Big data analysis engine: Presto

Time:2020-9-19

Big data analysis engine: Presto

1、 What is Presto?

  • Background: hive’s shortcomings and presto’s background

Hive uses MapReduce as the underlying computing framework and is designed for batch processing. However, with more and more data, a simple data query using hive may take several minutes to several hours, which obviously can not meet the requirements of interactive query.
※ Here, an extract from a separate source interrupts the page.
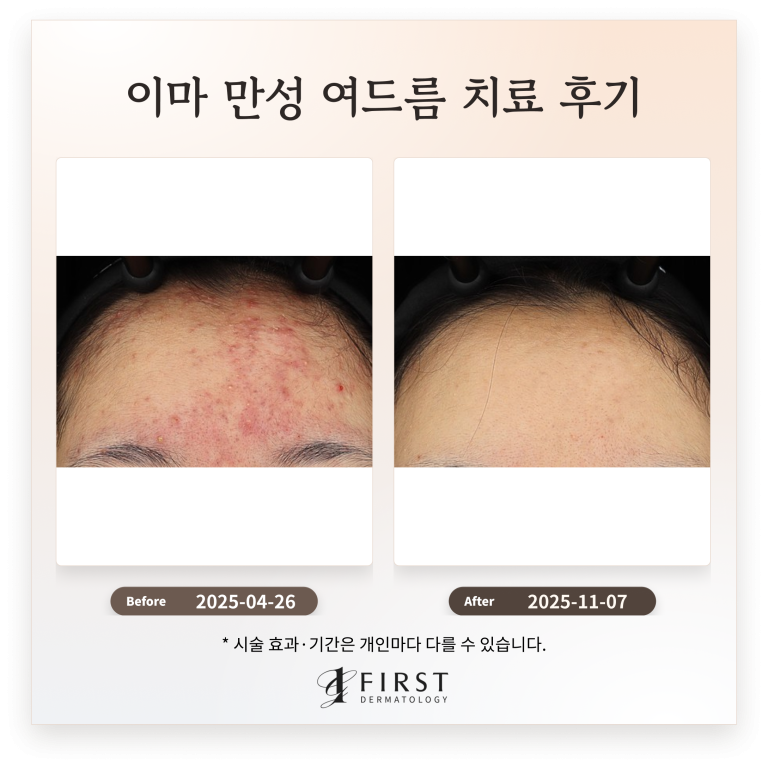 이마 만성 여드름 치료 후기_ 여드름 피부과 치료 방법 소개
Presto is a distributed SQL query engine designed for high-speed, real-time data analysis. It supports standard ANSI SQL, including complex query, aggregation, join and window functions. There are two points worth exploring. The first is architecture, and the second is how to achieve low latency to support timely interaction.

  • What is Presto?

Presto is an open source distributed SQL query engine, which is suitable for interactive analysis and query, and supports GB to Pb bytes of data. Presto was designed and written to solve the problem of interactive analysis and processing speed in a business data warehouse of the size of Facebook.

  • What can it do?

Presto supports online data queries, including hive, Cassandra, relational databases, and proprietary data storage. A Presto query can merge data from multiple data sources and analyze it across the entire organization. Presto targets the needs of analysts, who expect response times of less than a second to a few minutes. Presto ended the data analysis dilemma of using either fast, expensive business solutions or slow “free” solutions that consumed a lot of hardware.

  • Who is using it?

Facebook uses Presto for interactive queries for multiple internal data stores, including a 300pb data warehouse. More than 1000 Facebook employees use Presto every day, executing more than 30000 queries and scanning more than 1 Pb of data. Leading Internet companies, including airbnb and Dropbox, are using presto.

2、 Presto’s architecture

Presto is a distributed system running on multiple servers. The complete installation includes a coordinator and multiple workers. The client submits the query and from the Presto command line cli to the coordinator. The coordinator parses, analyzes and executes the query plan, and then distributes the processing queue to the worker.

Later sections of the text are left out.